BARBARA KRUGER 1989
parole chiave: Freud, Femminile, Violenza di genere
Sono già 100 i femminicidi in Italia in questo 2022. Il fatto che siano in calo di circa il 20% rispetto all’anno precedente non consola poi molto.
Donne uccise nella maggior parte dei casi da compagni o ex-compagni che, talvolta, uccidono anche o solo i figli avuti dalle loro compagne. Sembrava una prerogativa di Medea, questa, l’emblema della donna che non accetta il tradimento e l’abbandono e infligge a Giasone la più terribile delle punizioni. Gli uomini si sono, anche in questo, femminilizzati?
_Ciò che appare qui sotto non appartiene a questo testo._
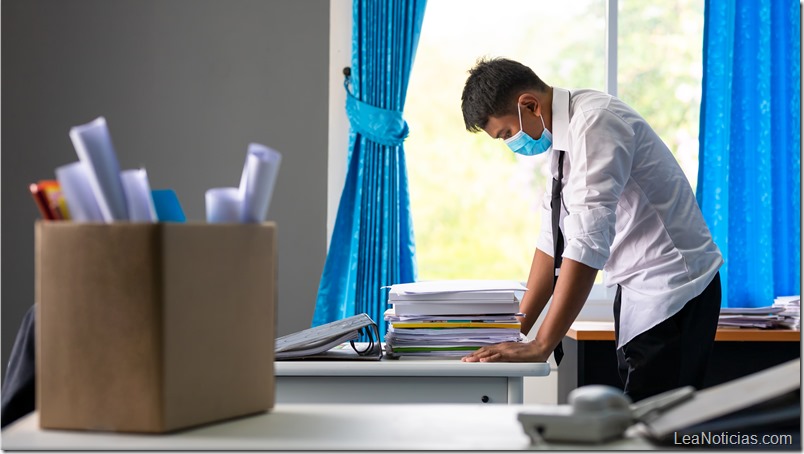 Sad fired asian businessman sitting outside room after being dismissed concept of business failure and unemployment problem due to the global impact of COVID-19.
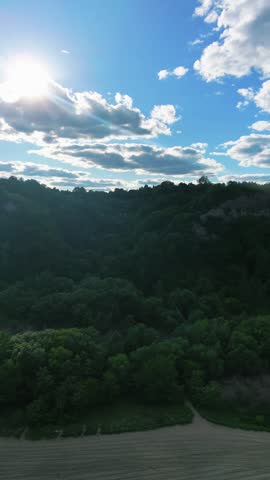 Cinematic aerial footage of the Scarborough Bluffs during golden hour in Toronto, Ontario, Canada. Drone view captures the iconic white cliffs, sandy shoreline, gentle waves of Lake Ontario, and warm sunset light illuminating the natural coastal landscape.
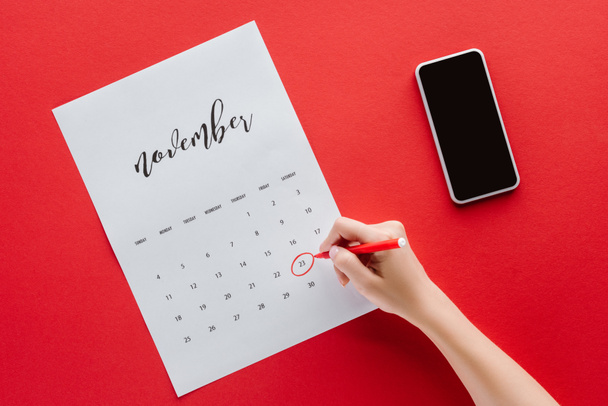 обрезанный вид женщины, пишущей черную пятницу в календаре на ноябрь изолированы на красный с помощью смартфона
 - Фото, изображение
E’ un’ipotesi. Anche gli uomini, privilegiando l’amore fino alle più estreme conseguenze, finora considerata prerogativa femminile, ucciderebbero per colpire ciò che, si presume, la donna ha di più caro. L’altra ipotesi è che gli omicidi dei figli da parte dei loro padri hanno la stessa logica dell’uccisione delle donne, ossia l’impossibilità di sopportare tutto ciò che delle donne sfugge ed è irriducibile a ogni presa, specialmente se si incarna in un abbandono. In questo i figli diventano semplici appendici delle loro madri che, in qualche modo, vengono uccise una seconda volta. Letteralmente “figli di vostra madre”, odiati e irrimediabilmente contaminati. Tuttavia, anche in Medea che nell’uccidere rende prioritario il proprio essere “donna” e non “madre”, c’è qualcosa che le rende impossibile assumere l’abbandono: fa parte della “follia amorosa” delle donne? O non è in questo tanto diversa dal maschio che uccide la donna che lo lascia o minaccia di farlo? O che semplicemente lo rifiuta. Riattivando così i residui di fantasmi e di terrori antichi relativi alla Cosa originaria che dispensa amore o odio e in definitiva la vita stessa. I piani sono piuttosto intricati perché, come sappiamo da analisti, non solo il sesso di appartenenza non è riducibile al biologico ma lo stesso soggetto può assumere posizioni differenti.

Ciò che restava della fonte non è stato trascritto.